Saved data entries
************

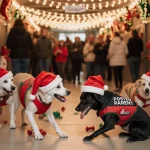 Adoptable dogs playing together with festive lights and a Santa hat near shelter signs and toys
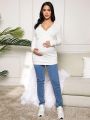 SHEIN Maternity Long Sleeve Wrap Nursing T-shirt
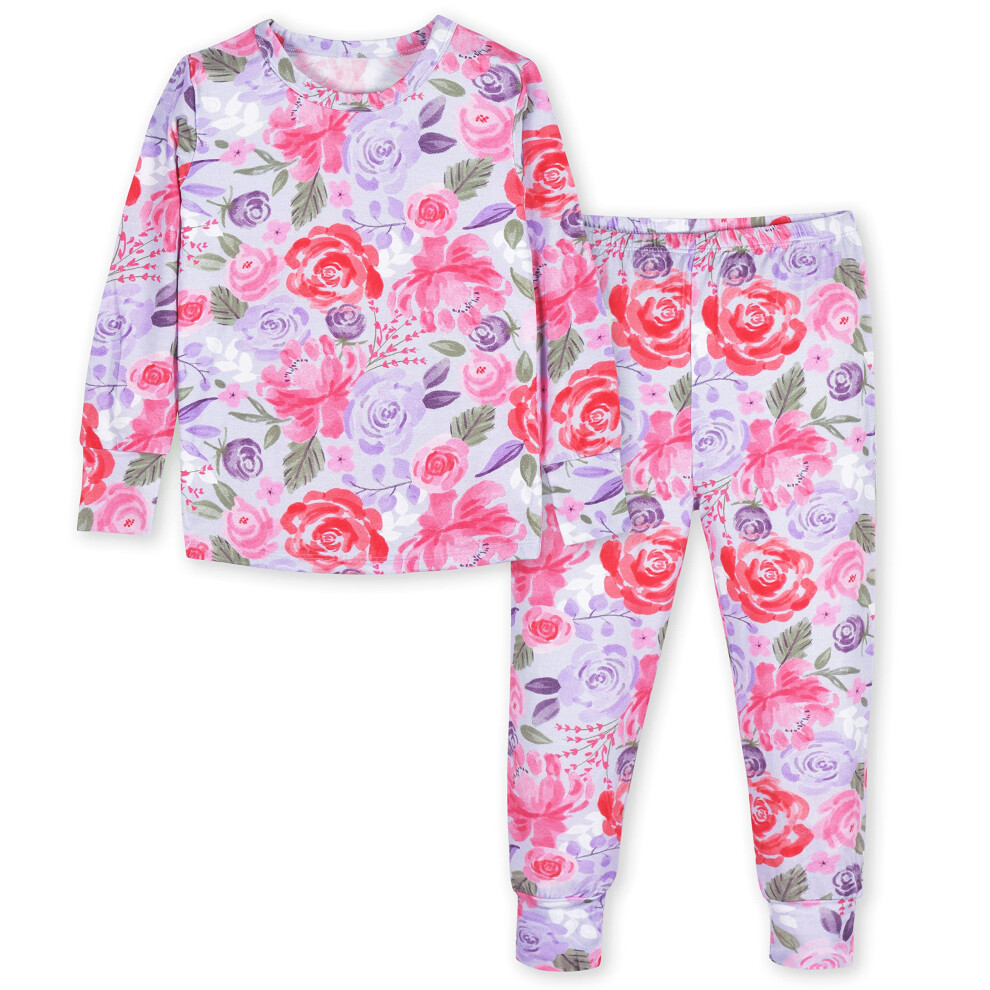 Gerber Unisex Baby Toddler Buttery Soft 2-Piece Snug Fit Pajamas with Viscose Made from Eucalyptus  Lilac Garden  3T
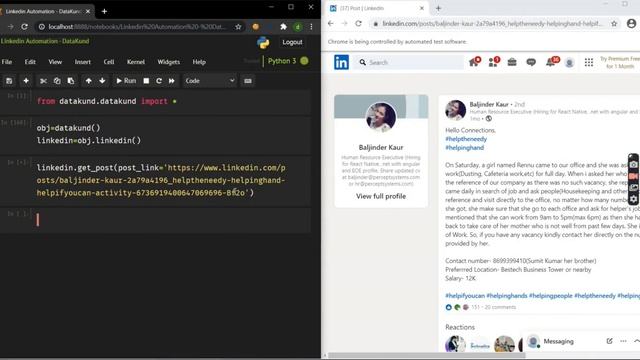 LinkedIn Post Scraper | LinkedIn Automation - Python,DataKund смотреть онлайн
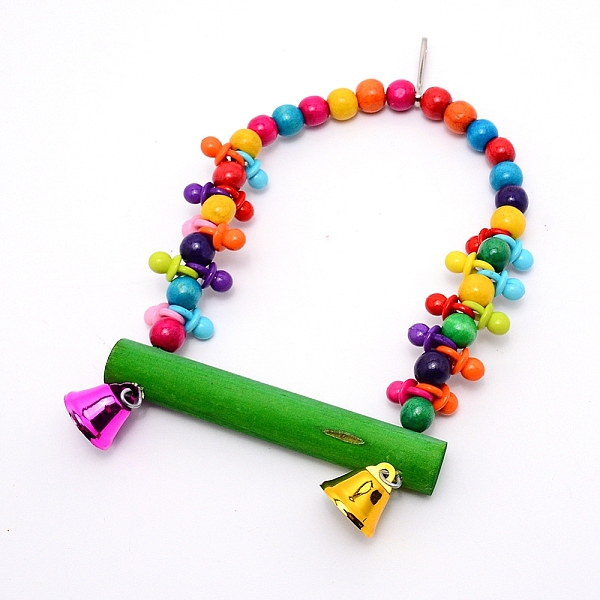 

PandaHall Wooden Parrot Hanging Swing, with Acrylic Bell & Iron Clasps, Rectangle, Colorful, 22x14.5cm Wood Rectangle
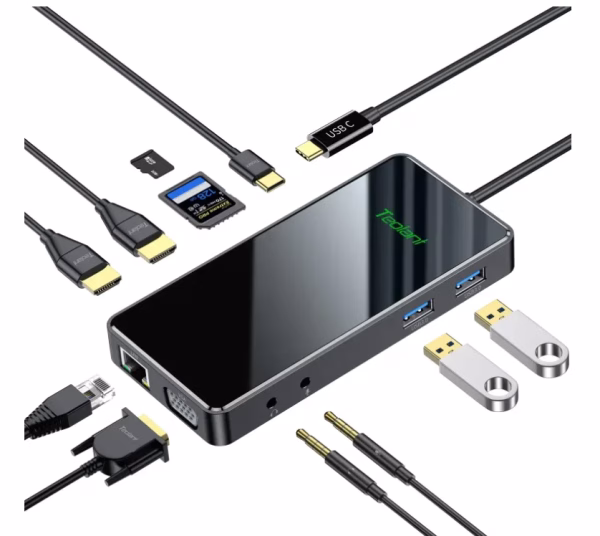 Type C Docking Station Dual HDMI + VGA Four Different Display Displaylink Casting Screen Converter for Computer Android Phone - Image 5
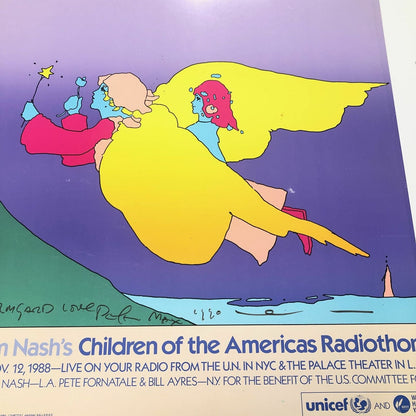 Peter Max signed 24x36 Poster PSA/DNA LOA Autographed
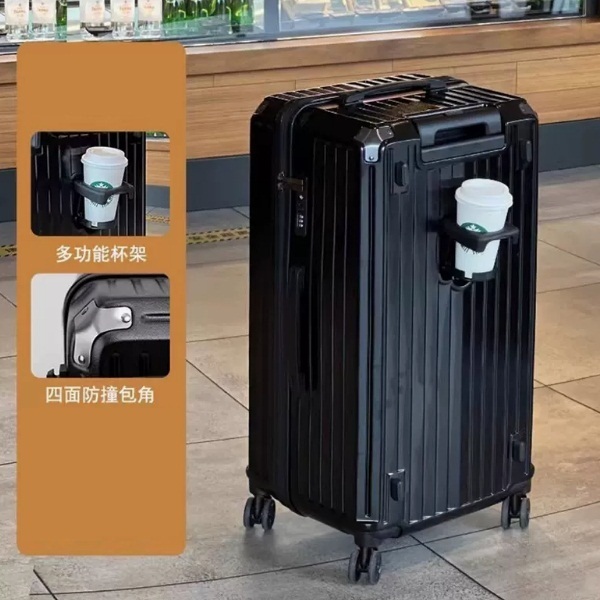 Large-capacity-26-inch-luggage tanks Real durable trolley box password box (dazzling black) [zipper model+cup holder model]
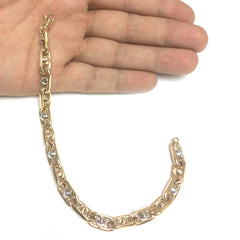 14k Yellow And White Gold Oval Link Mens Fancy Bracelet, 8.25"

************

◆ WHAT THE TASK REQUIRES
The result should be the same data as above, line for line, with the pictures gone.

◆ EXERCISE RESPONSE
 Adoptable dogs playing together with festive lights and a Santa hat near shelter signs and toys
 SHEIN Maternity Long Sleeve Wrap Nursing T-shirt
 Gerber Unisex Baby Toddler Buttery Soft 2-Piece Snug Fit Pajamas with Viscose Made from Eucalyptus  Lilac Garden  3T
 LinkedIn Post Scraper | LinkedIn Automation - Python,DataKund смотреть онлайн

PandaHall Wooden Parrot Hanging Swing, with Acrylic Bell & Iron Clasps, Rectangle, Colorful, 22x14.5cm Wood Rectangle
 Type C Docking Station Dual HDMI + VGA Four Different Display Displaylink Casting Screen Converter for Computer Android Phone - Image 5
 Peter Max signed 24x36 Poster PSA/DNA LOA Autographed
 Large-capacity-26-inch-luggage tanks Real durable trolley box password box (dazzling black) [zipper model+cup holder model]
 14k Yellow And White Gold Oval Link Mens Fancy Bracelet, 8.25"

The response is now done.